_Provided entries_:
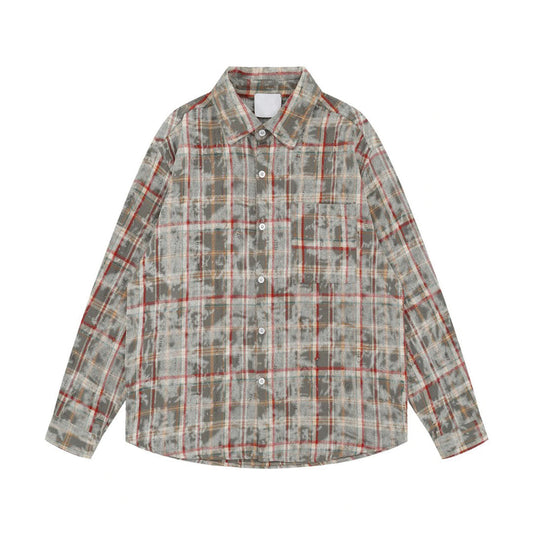  - Amawinc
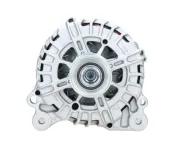 Generator 12 V BV PSH 305.597.180.340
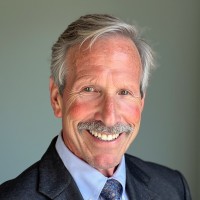 Haymarket Medical Education Employee Robert Schneider's profile photo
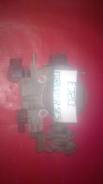 Заслонка дроссельная Subaru EJ20 136800-1120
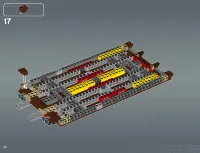 Страница 30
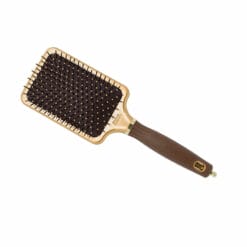 Olivia Garden Expert Care Brush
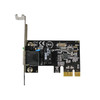 A6833880 Dell Single Port Gigabit PCI Express Network Server Adapter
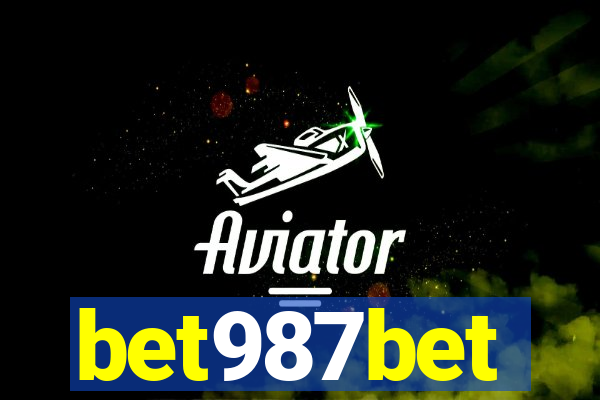 bet987bet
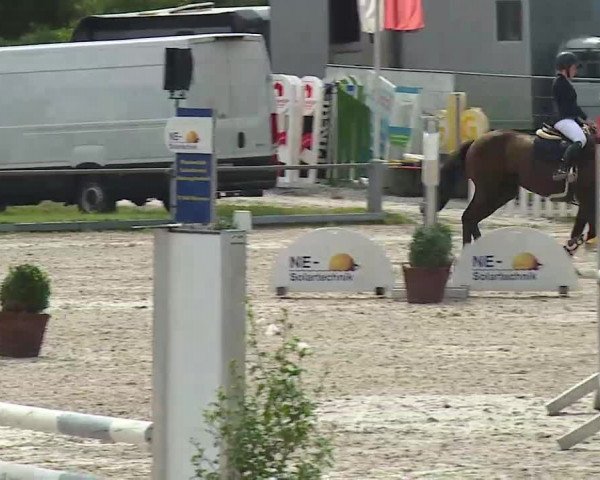 Maingau Classics in Grafenrheinfeld 2021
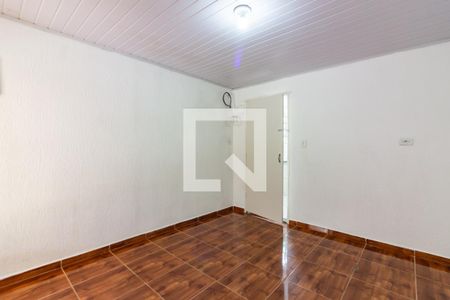 Comodo  de casa à venda com 1 quarto, 60m² em Jardim Roberto, Osasco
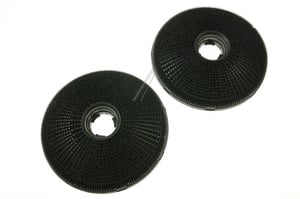 kohlefilter-d190-k2000-fuer-aeg-dunstabzugshaube-geruchsfilter-rund.665564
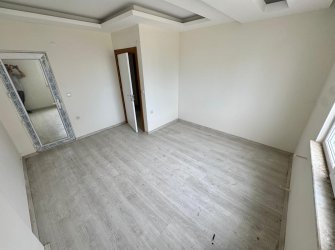 SAMSUN İLKADIM TEPECİK MH. 3+1 125 M2 2. KAT EBEVEYN BANYOLU OTOPARKLI KREDİYE UYGUN FIRSAT DAİRE..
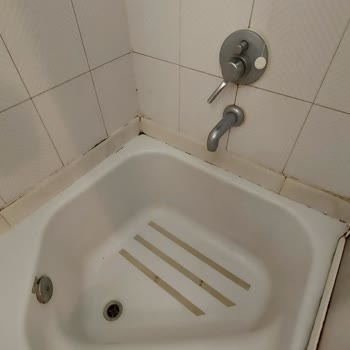 Kappatur İle Hayal Kırıklığı Dolu İtalya Turu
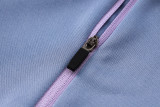 2024/25 In Milan Grey Sweater Tracksuit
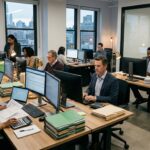 Bookkeeping Firm SXM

_Activity_:
Please keep the pictures out and reproduce the records above exactly.

_Task answer_:
  - Amawinc
 Generator 12 V BV PSH 305.597.180.340
 Haymarket Medical Education Employee Robert Schneider's profile photo
 Заслонка дроссельная Subaru EJ20 136800-1120
 Страница 30
 Olivia Garden Expert Care Brush
 A6833880 Dell Single Port Gigabit PCI Express Network Server Adapter
 bet987bet
 Maingau Classics in Grafenrheinfeld 2021
 Comodo  de casa à venda com 1 quarto, 60m² em Jardim Roberto, Osasco
 kohlefilter-d190-k2000-fuer-aeg-dunstabzugshaube-geruchsfilter-rund.665564
 SAMSUN İLKADIM TEPECİK MH. 3+1 125 M2 2. KAT EBEVEYN BANYOLU OTOPARKLI KREDİYE UYGUN FIRSAT DAİRE..
 Kappatur İle Hayal Kırıklığı Dolu İtalya Turu
 2024/25 In Milan Grey Sweater Tracksuit
 Bookkeeping Firm SXM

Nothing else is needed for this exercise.